I just posted these in the freshwater pics and vids section. Though that section doesn't get as much attention for planted tanks (obviously) I posted it there in the beginning moreso because of the fish that are in it. I've applied the Iwagumi style of aquascaping here. Iwagumi means "with rocks" or something like that. In short, the style reflects a tank w/ only an organized association of stones and plants. I made a wall of moss that is surprisingly doing quite well so far.

tank specs:

3 gal eclipse
2x 15w spiral CF's (retrofit)
1x 6w t5 (stock lamp)
bubble filter

ferts dosed 2x per week:
1ml iron
2ml pot, phos, nit (mixed)
1ml plantex csm+b
1ml excel
1ml flourish comp

inhabitants:
11 celestial pearl danios
6 cherry shrimp

plants:
stargrass
elatine triandra
glosso
peacock moss (on rocks and moss wall)

full tank shot (as of 3/11/08)


Elatine triandra


added some glosso that wouldn't stay rooted in the 28


cherry shrimp


----------



## pirayaman (Nov 3, 2007)

nice tank man that moss wall is so sick


----------



## traumatic (Jan 29, 2003)

thanks, this is pretty much how I made my moss wall:
Moss Wall article


----------



## pirayaman (Nov 3, 2007)

that is awesome i may try that in the future thanks


----------



## DiPpY eGgS (Mar 6, 2005)

More pics!

Looking good


----------



## pirayaman (Nov 3, 2007)

every time i see this post i amazed cause it looks big but 3 gallons is so small i guess cause im always im piranha mode


----------



## traumatic (Jan 29, 2003)

had a little GSA outbreak over the weekend. Plants are still doing great.


----------



## DiPpY eGgS (Mar 6, 2005)

GSA..
Do you dose phosphates, or have a phosphate test kit?


----------



## traumatic (Jan 29, 2003)

I do dose mono potasium phosphate (KH2PO4). no test kits


----------



## Nick G (Jul 15, 2007)

wow, thats a very clear tank, i had to double take, i wasnt even sure there was water in there.
nice job man, that moss wall is awesome.


----------



## DiPpY eGgS (Mar 6, 2005)

traumatic said:


> I do dose mono potasium phosphate (KH2PO4). no test kits


ok. Then it's less likely it was from a potassium deficiency. If it keeps comming back, try dosing a tad more and see what happens.

Weekly pics please lol


----------



## traumatic (Jan 29, 2003)

yeah, I'll try that. And also a little more excel.

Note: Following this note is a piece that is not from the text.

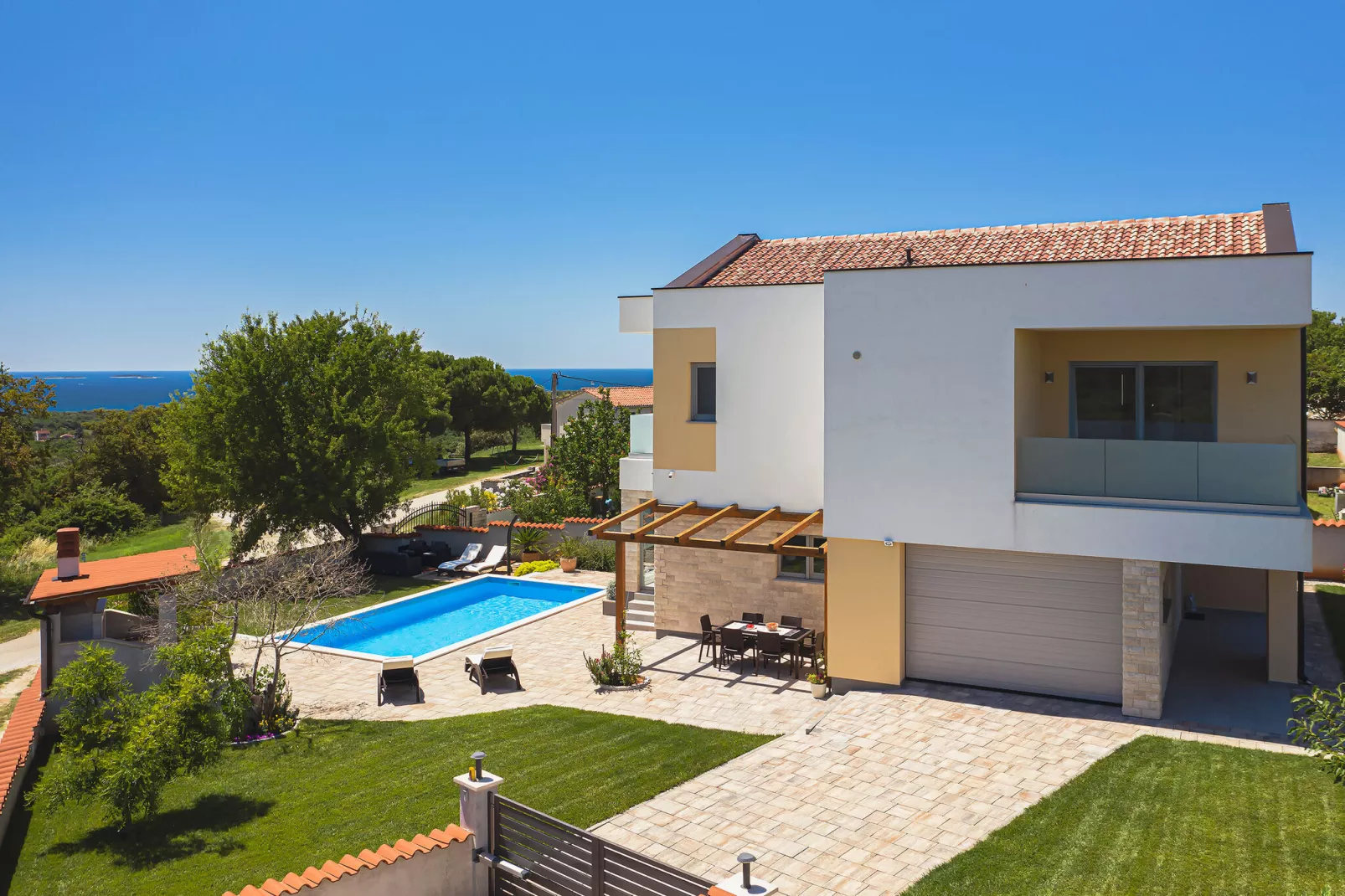 Villa White-Pool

I'd love to give you guys weekly pics. Don't have a cam right now so.... The plants are growin kinda slow right now.


----------



## DiPpY eGgS (Mar 6, 2005)

DiPpY eGgS said:


> I do dose mono potasium phosphate (KH2PO4). no test kits


ok. Then it's less likely it was from a potassium deficiency. If it keeps comming back, try dosing a tad more and see what happens.

Weekly pics please lol
[/quote]

Ugggh! I said potassium when I meant to say phosphate... GSA is usually from a lack of phosphates, not potassium sorry bro!!


----------



## traumatic (Jan 29, 2003)

yeah, I know what you meant. I've read that before.


----------